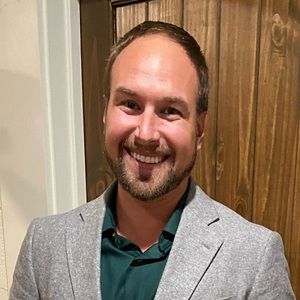 Meet your Posher, Jake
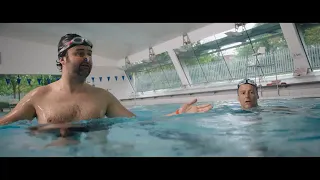 Exklusiver Ausschnitt – Swimming With Men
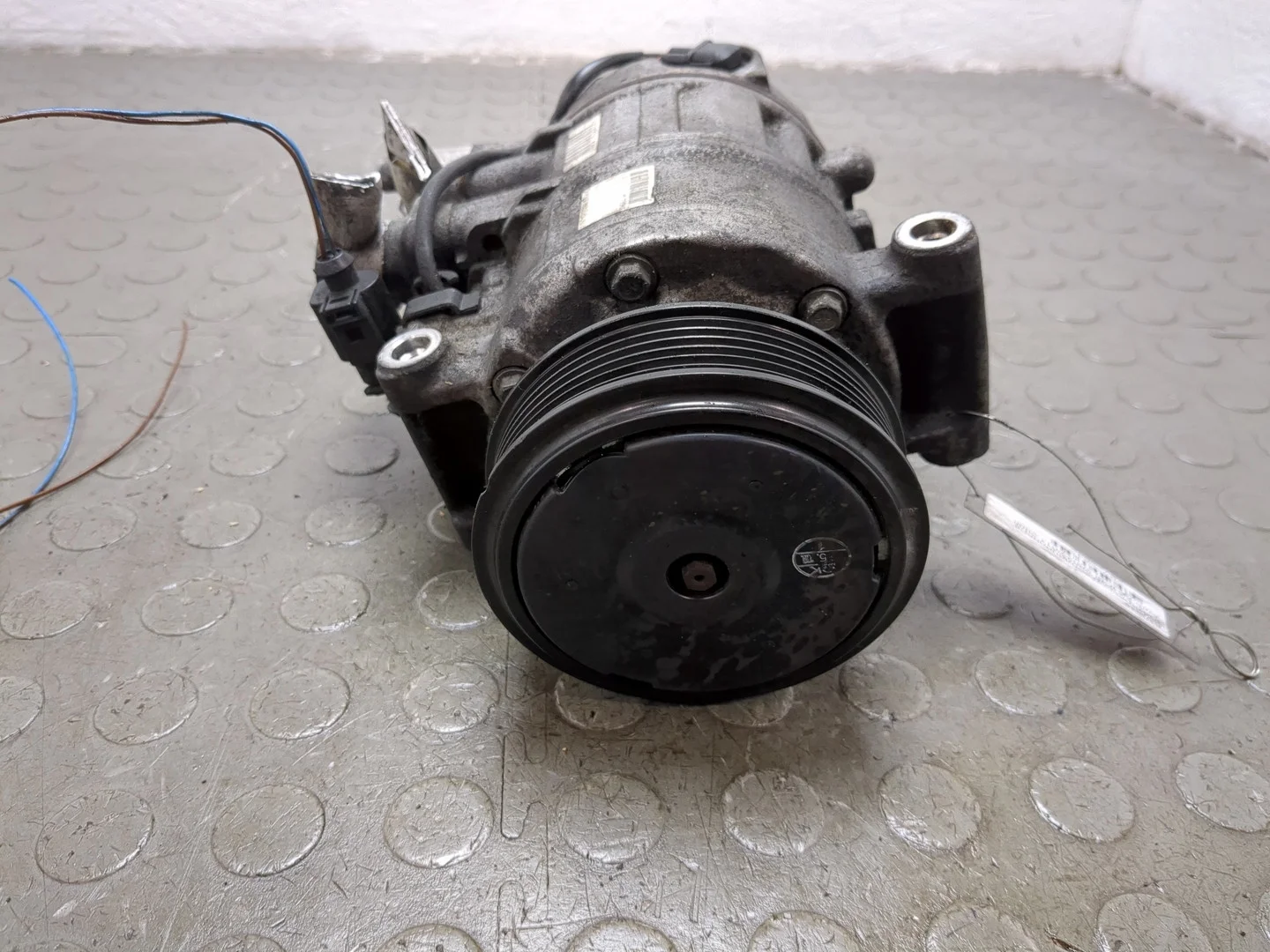 Компрессор кондиционера Audi A6 (C6) 2004-2011 Универсал КПП 6-ст.мех 4х4 (МКПП) ASB Дизель 3 л TDI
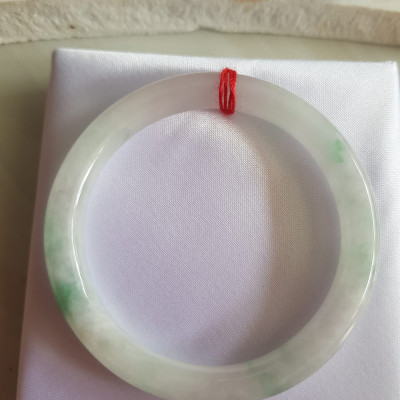 Vòng đeo tay Nữ đá cẩm thạch tự nhiên T Lý Size 49mm x cọng 7mm Màu trắng sáng bóng xanh lý 3 chỗ đều quanh vòng rất đẹp Nữ cân Nặng 40kg-49kg đeo đẹp ạ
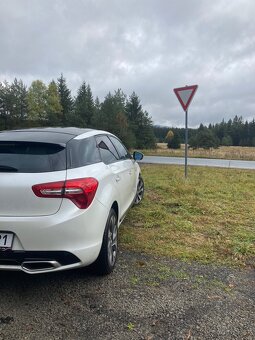 Citroen DS5 - 4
==================================================
* Exercise goal *
Could you give back the full listing word for word, leaving out the images?

* Solution to the exercise *
 Meet your Posher, Jake
 Exklusiver Ausschnitt – Swimming With Men
 Компрессор кондиционера Audi A6 (C6) 2004-2011 Универсал КПП 6-ст.мех 4х4 (МКПП) ASB Дизель 3 л TDI
 Vòng đeo tay Nữ đá cẩm thạch tự nhiên T Lý Size 49mm x cọng 7mm Màu trắng sáng bóng xanh lý 3 chỗ đều quanh vòng rất đẹp Nữ cân Nặng 40kg-49kg đeo đẹp ạ
 Citroen DS5 - 4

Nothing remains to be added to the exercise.